さて、早速ですが、下記の材料を注文させていただきたくご連絡いたしました。お手数おかけしますが、よろしくお願いします。
1.ハゲプリン×2グロス
2.ジャムクッキーのセット×4ダース
3.煉獄ケーキ×2
また、材料をこちらで用意し、そちらで調理だけしていただくことは可能でしょうか? 何かとご多忙の中恐縮ですが、よろしければ一度話し合いのためのお時間を頂けると幸いです。
割とガチっぽい注文書にビビる。マデラさんところで受け取ったものと遜色ない。キイラムのクセになかなかやりおる……と思ったら、後ろから手紙を覗き込んだステラ先生が『材料発注のテンプレそのまま使ってるみたいだねー……途中のところ、”材料”のままになってる』と耳元でささやいてくれた。くすぐったくてシャンプーの甘いにおいがして気絶しそうになった。

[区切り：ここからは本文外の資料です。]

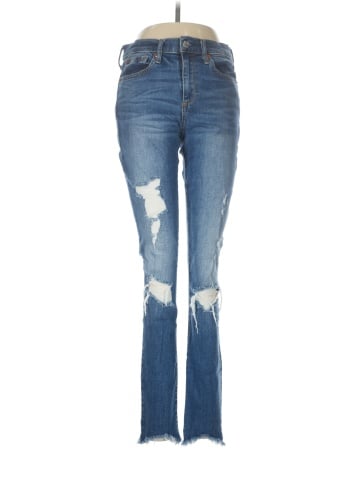 Gap Jeans (view 1)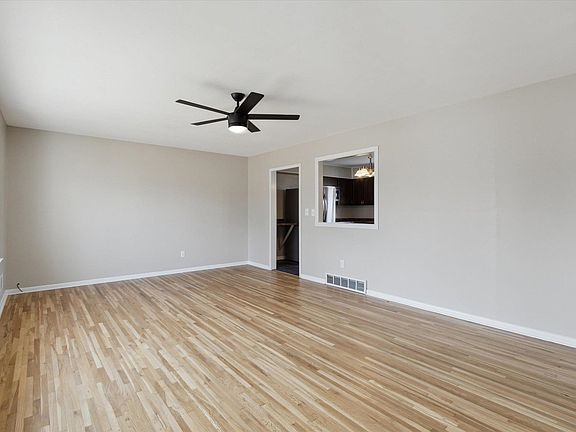 4th image of 2026 Adel St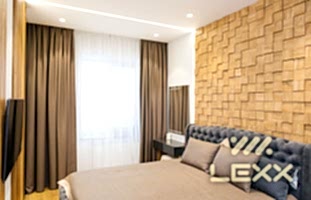 Шторы для спальни Шторы для спальни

どうやら、こないだシキラ先生が言ってたことが現実になったらしい。しかも、ハゲプリンだけじゃないうえ、量が凄まじい。2グロスも注文されるとか初めてなんだけど。あいつら、本気で食べきるつもりなのだろうか?
とりあえず、パパッと手紙を書いてステラ先生にシキラ先生に渡してもらうように頼む。手紙には『とりあえず話だけ聞くからうちに来い(意訳)』とだけ書いておいた。さすがにこれだけの量となるとすぐには用意できないし、俺の物理的な拘束時間が長すぎるからね。
あと、ロザリィちゃんが『ほかのクラスから発注が来るってすごい!』って自分のことのように喜んで抱き付いてくれた。めっちゃぬくやわこくてふっかふか。俺、発注来たことよりもこっちのほうがうれしいや。
微妙に遅い時間になった。ギルは今日ものんきにイビキをかいている。水槽の中にあったコメットテールの卵を鼻に入れておいた。おやすみらくる。
※WilruaRonticaはウィルアロンティカと発音するようです。